Müeyyedüddin-i Cendî -kuddise sırruh- Hazretleri "Nefhatü'r-Rûh ve Tuhfetü'l-Fütûh" isimli eserinin mukaddimesinde Hâtemü'l-enbiyâ'nın ve Hâtemü'l-evliyâ'nın ilim ve mertebelerinin üstünlüğüne işaret ederek, ilâhî ilme has olan bilgi ve mârifetlerin; mânevî hal, makam ve derecelerin yalnız ve yalnız bu iki kaynaktan alınabileceğini beyan buyurmuştur:
"Çünkü Hâtem olanların ilmi, hâli, zevki ve meşrebi, bütün manevî hâl ve zevkleri hâvidir. Bütün meşrebleri içine alır. Bütün makam ve mertebeleri de ihâta eder. Başka âlim ve veliler böyle değildir. Bu hususiyetlere sahip değildirler. Bu hususiyetler olmayınca da Hâtem'lik olmaz."
Hâtem-i nebi ve Hâtem-i veli bambaşkadır. Onlara verilen mânevi hâl ve zevkler, ilâhi feyz ve mertebeler, zâhir ve bâtın ilim ve hilimler, makam ve rütbeler tam ve kâmildir, mütemmimdir ve bütün meşrebleri içine alır, bütün mânevi hâl ve zevklerin üstündedir, özü bütün makam ve mertebeleri ihâta etmiş, kuşatmıştır.
"Hâtem olan zât hakkında şöyle bir açıklama yapabiliriz:
Nasıl ki Rubûbiyyet ve İlâhiyyet'in hakikatlerini içine alan, bunların kayyum ve kâimi olan, hepsini kuşatmış olan ve ehadiyyet-i cem-î zâtîsi bulunan bir isim lâzımdır ve bu da Allah Tebâreke ve Teâlâ'dır. Bunun gibi, öyle bir insan lâzımdır ki, diğer bütün insanlardan pek olgun olsun. Onun ilmi pek olgun ve şümullüdür. Makamı da en yüce ve nübüvvet mertebesinde de en yüce, en üstün seviyededir.
İşte Hâtemü'l-enbiyâ bu mertebededir."
Hazret, Resulullah -sallallahu aleyhi ve sellem- Efendimiz'in makam ve rütbesini burada tarif ettikten sonra Hâtem-i veli'den şöyle bahseder:
"Hatemü'l-evliyâ ise, velâyet; yani evliyâlık mertebesinde nebevî hakikatleri ve velâyetin inceliklerini kendinde toplamıştır."

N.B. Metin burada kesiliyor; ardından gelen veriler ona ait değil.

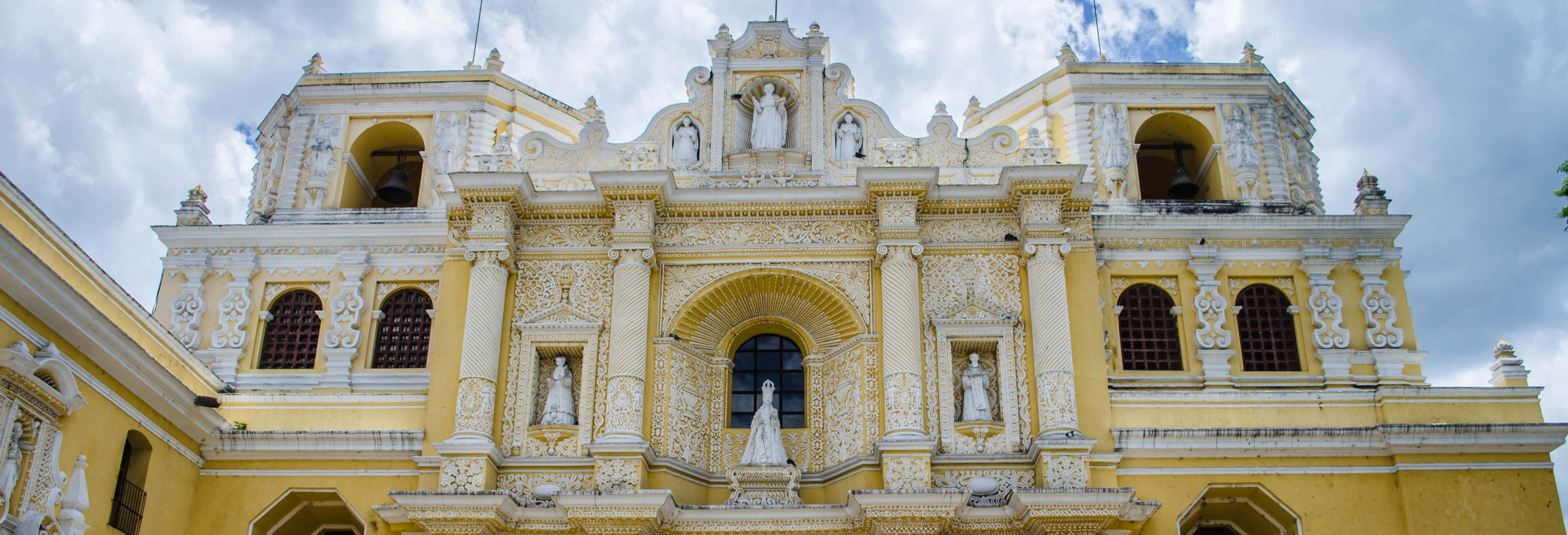 Visita guiada por Antigua e às termas de Kawilal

"İlâhî ve kevnî hakikatler bütün hadarât ve mertebeleri, asılları ve mâhiyetleri nasılsa, öylece aynıyla, bu iki büyük zâtın zevk ve meşreblerinden elde edilebilir." buyuruyor.
(Nefhatü'r-Rûh ve Tuhfetü'l-Fütûh; s. 28-29)

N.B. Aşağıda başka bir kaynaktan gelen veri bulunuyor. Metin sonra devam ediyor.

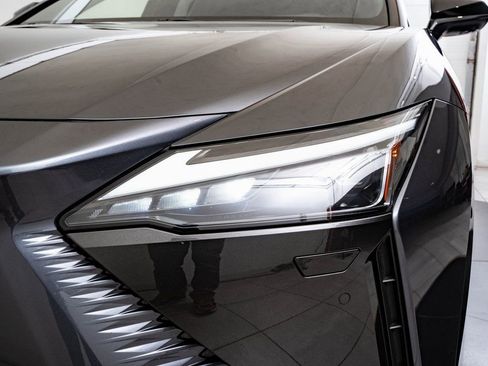 Certified 2023 Lexus RZ 450e Premium w/ Technology Package AWD/4WD image 14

Çok ince noktalara temas etmiş.
Ne ki verilmişse onlara verilmiş. Murad-ı ilâhi öyle olduğu için dünya ve ukba, zâhir ve bâtın bütün hakikatler, ilimler, feyizler, mânevi işler bu iki büyük zâtın mânevi zevk ve meşrebinden elde edilebilir.

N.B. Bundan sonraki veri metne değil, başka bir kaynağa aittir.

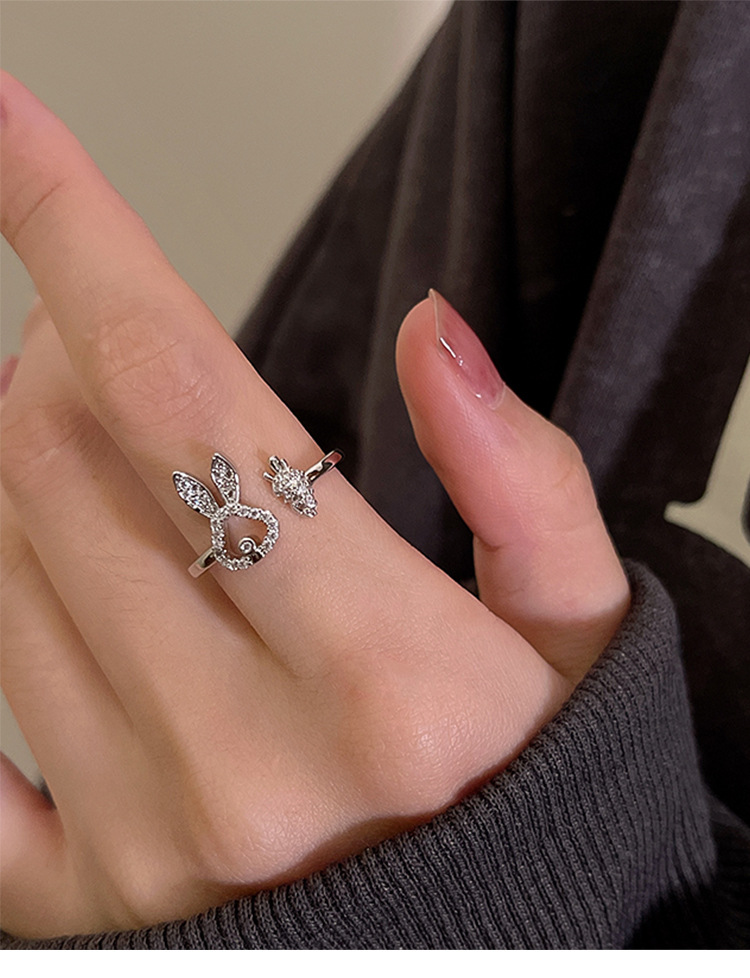 Asymmetric Carrot Rabbit Ring for Women - Unique and Stylish Jewelry - Image 17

Hüseyin bin Abdullah el-Abbâsî -kuddise sırruh- Hazretleri "el-Husûs bi-Edâti'n-Nusûs fî Şerhi'l-Fusûs" adlı eserinde Hâtemü'l-evliyâ hakkında:
"Velîyyü'l-Hamîd olan Allah'ın Vekîl'idir." buyuruyor.
("el-Husûs bi-Edâti'n-Nusûs fî Şerhi'l-Fusûs", İ.Ü. Ktp., AY, nr.: 4480, vr. 53b-54b)
Bizzat Hazret-i Allah onu vekil etmiştir.
Bunun sırrı;
Abdullah-ı Bosnevî -kuddise sırruh- Hazretleri'nin; "O Resulullah'ın halifesi değil, bizzat Allah'ın halifesidir." beyanında gizlidir.
("Şerhü'l-Fusûs li'l-Bosnevî"; Nâfiz Paşa, no: 536, 500. yp.)